Most importantly, terminating utilities’ eminent domain powers would not end the creation of LIEs but instead require condemning entities to negotiate with landowners for easements. If particular features of LIEs led to landowners insisting on greater compensation, utilities would be incentivized to develop means of abating the problems. If negotiations resulted in higher costs for utilities, this would lead to more accurate social cost pricing of transmission – a feature, not a bug. Indeed, forcing utilities to pay the full cost of building transmission lines would create incentives to adopt innovative technologies and pricing formulas that could reduce the need for additional transmission lines.”

(Morris, Brandys & Barron, Involuntary Cotenants: Eminent Domain and Energy & Communications Infrastructure Growth, http://papers.ssrn.com/sol3/papers.cfm?abstract_id=2380159, page 40)

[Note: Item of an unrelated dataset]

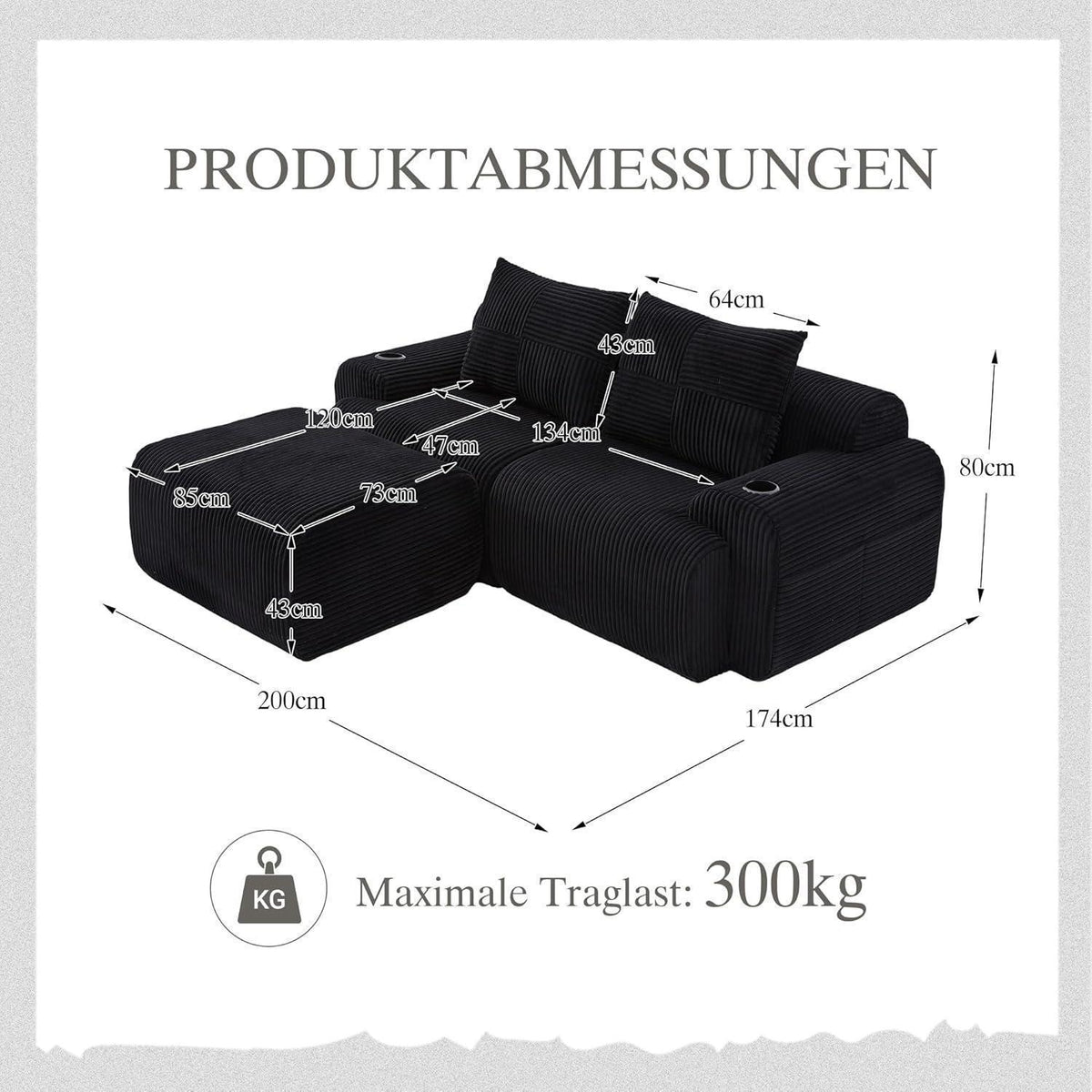 Modulares Cord Sofa 2-Sitzer mit Hocker & Stauraum Schwarz
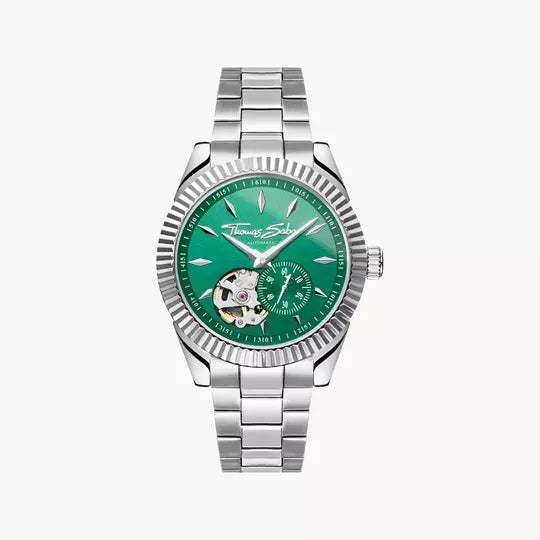 Damenarmbanduhr mit smaragdgrünem Zifferblatt, Metallarmband und Ziffernring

(Do we get into the use of existing easements and public lands for public good here? Or the Champlain Hudson Line that will run not only underground, but also through portions of existing railroad easements. Wait! Wasn’t Clean Line likening energy transmission to railroads on its website not that long ago? Kismet!!! But for now, let’s just keep going.) 

So what does this potential partnership between Clean Line and the DoE mean for us little people? It means taking these kinds of decisions further out of the general public’s hands and placing them ever more firmly in those of D.C. and the private entities that feed off the rich buffet of government employees, trained and groomed at taxpayer expense, who leave public service to bring their expertise and connections to the private sector. It means that the average American, in spite of working hard and paying their taxes, may no longer be able to trust that the federal government will protect their right to property over the proposed projects of venture capitalists. It means the DoE not only takes a mistress, but puts her up in an apartment at the Ritz.

Now, before I’m accused of misunderstanding the antiquated state of our electric grid, the history of eminent domain in our country, of putting the needs of the few before the “needs” of the many, being a climate change denier, etc… Let me say that our grid is in dire straits, eminent domain has gotten away from us as a country (Kelo v. New London was a bad call, sorry), you can’t be NIMBY when you’re AIMBY (Already In My Backyard-my family’s land has multiple easements, as do many families in the corridor), the needs of the many need to be addressed in a way that is fair and equitable for everyone. Finally, I not only believe in climate change, I think it’s the most dangerous issue of our time and, likely my children’s time as well. 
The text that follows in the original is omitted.